In terms of VHS or life in general? Because I was quite the tearaway as a kid. I’ll stick with tape life, and to be honest, my wife has been along with me for the ride on most. I have a knack for contacting sellers on E-Bay to let me come and see the tapes they have, and then I find myself at their door in the middle of goddamn nowhere, and then it hits me, I haven’t let anyone know where I’m going. This guy could be a serial killer or a rapist. I remember going into one guy’s house, he had a combover, his house stank of cat urine, and he had sick down the front of his jumper. There were letters and rubbish all over the house, no wallpaper or pain on the walls and he led me to his back room where he kept all his tapes. The thing is, I never blink an eye as I’ve always got my mind on the prize at the end of it all. I even gladly accepted and drank a cup of tea he offered me, spent over two hours there and came out with one solitary tape. That’s the sort of stuff I do.

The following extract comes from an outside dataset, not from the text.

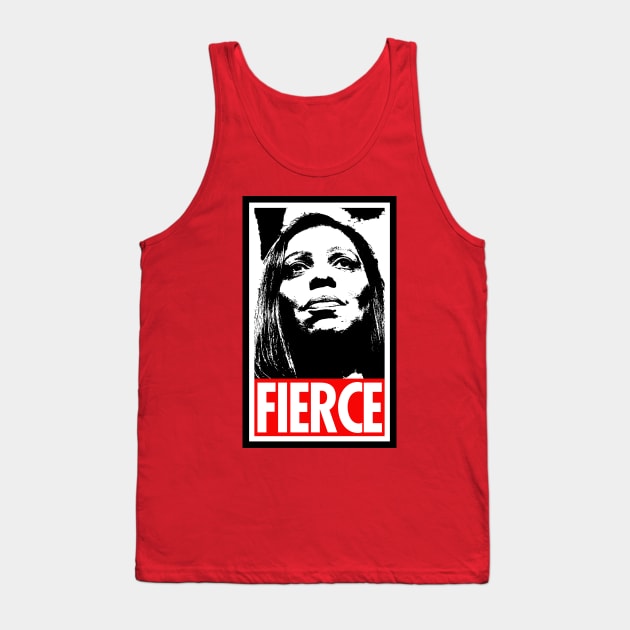 TISH JAMES - FIERCE - LETITIA JAMES Tank Top by Tainted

Being myself a fanatic collector I know it’s the truth (lol), but collectors usually are 24 hours dreaming about their collection and even have some sleepless nights thinking what their collection still needs. What about you?
Not at all. I have a family and a very demanding job so I pick them up wherever I can but it’s not like I think about them every second of every day, although it may appear that I do on my Twitter feed. I have lists of titles that I am always on the lookout for, as probably every collector has, and perform my regular searches at the beginning of every week on E-Bay, but they rarely turn up. I used to watch a film every night but it’s incredibly hard these days.

Let me finish with two questions I always ask. What’s your favourite movie of all time and please state why.
At this moment I will still say Vanilla Sky, but my viewing of Her a while back really blew a hole in that top slot and I guess with a second viewing that could really dislodge Crowe’s masterpiece. Some days it’s hard to move the top three (soon to be top four) – Vanilla Sky, The Warriors and Planes, Trains and Automobiles.
I just saw Vanilla Sky opening night and was left so confused by it. I then picked up a pirated copy some months later, really terrible quality, and that second viewing just secured it. I’ve never – until Her – been so emotionally involved and attached in any other film. Everything I feel about life and dream about was in that flick. It is so incredibly underrated and I think that in years to come it could finally start getting the recognition it deserves. 

With whom wouldn’t you mind to be alone with in an elevator for 8 hours and what would you do then? Don’t say your tapes!!!
What I wouldn’t have given to shoot the shit with John Candy for eight hours, but I’ll pick someone from the living… Shannyn Sossamon. You know when you see someone and just feel like you have to know everything about them as a person? That’s how I feel about her, especially after Rules of Attraction.